(Beginning of DATA)

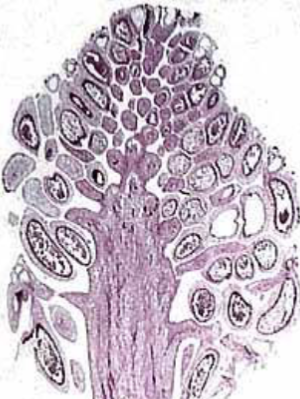 <p>Which structure is being shown?</p>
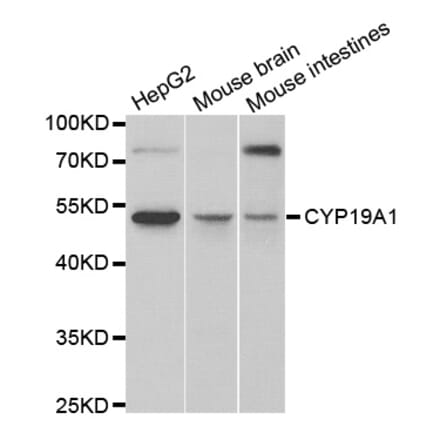Anti-CYP19A1 Antibody from Bioworld Technology (BS6580) - Antibodies.com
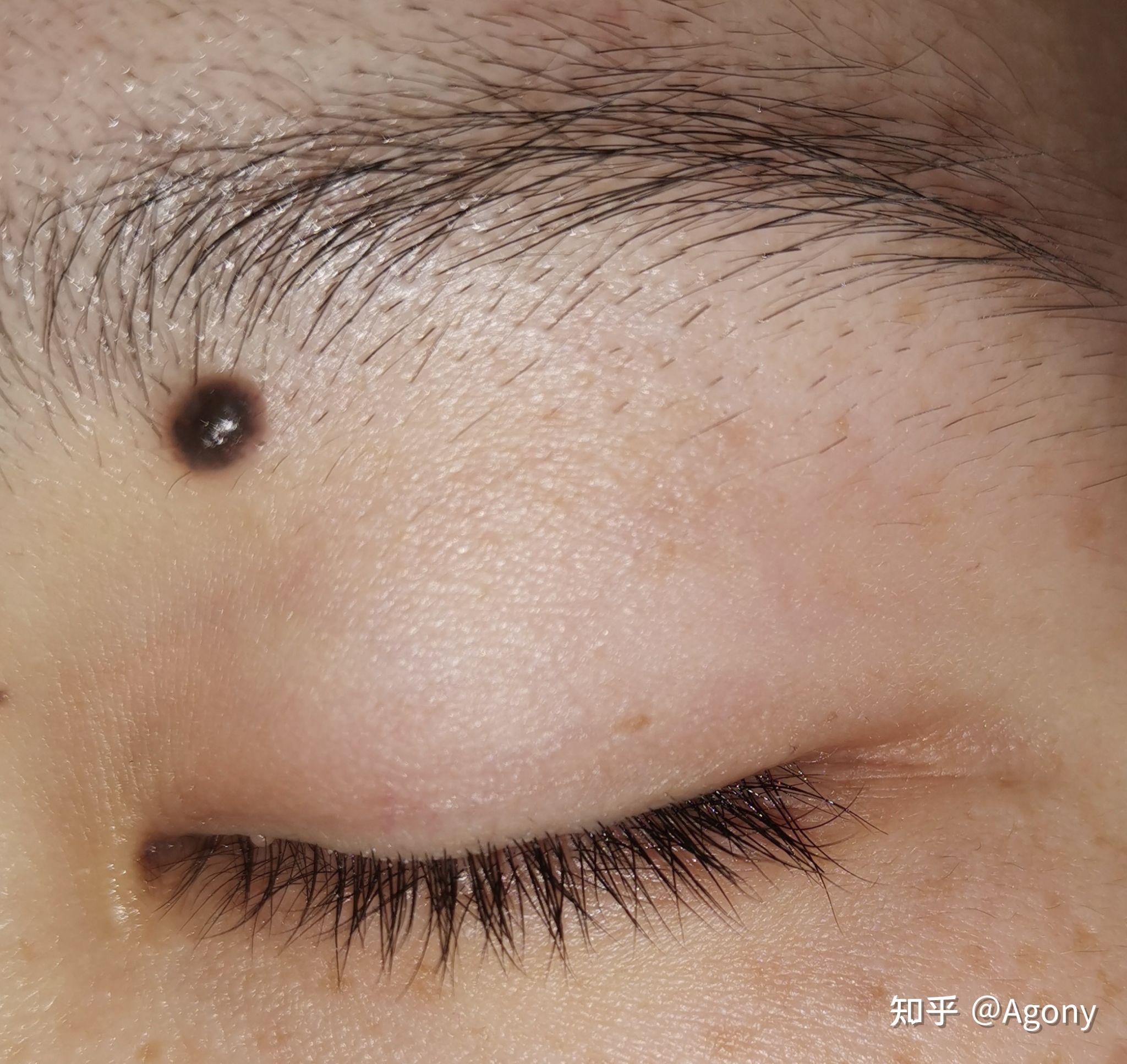 手术去痣 - 知乎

(End of DATA)

**PROBLEM:** Copy the whole of the material above exactly, but not its images.

**TASK RESULT:**
 <p>Which structure is being shown?</p>
Anti-CYP19A1 Antibody from Bioworld Technology (BS6580) - Antibodies.com
 手术去痣 - 知乎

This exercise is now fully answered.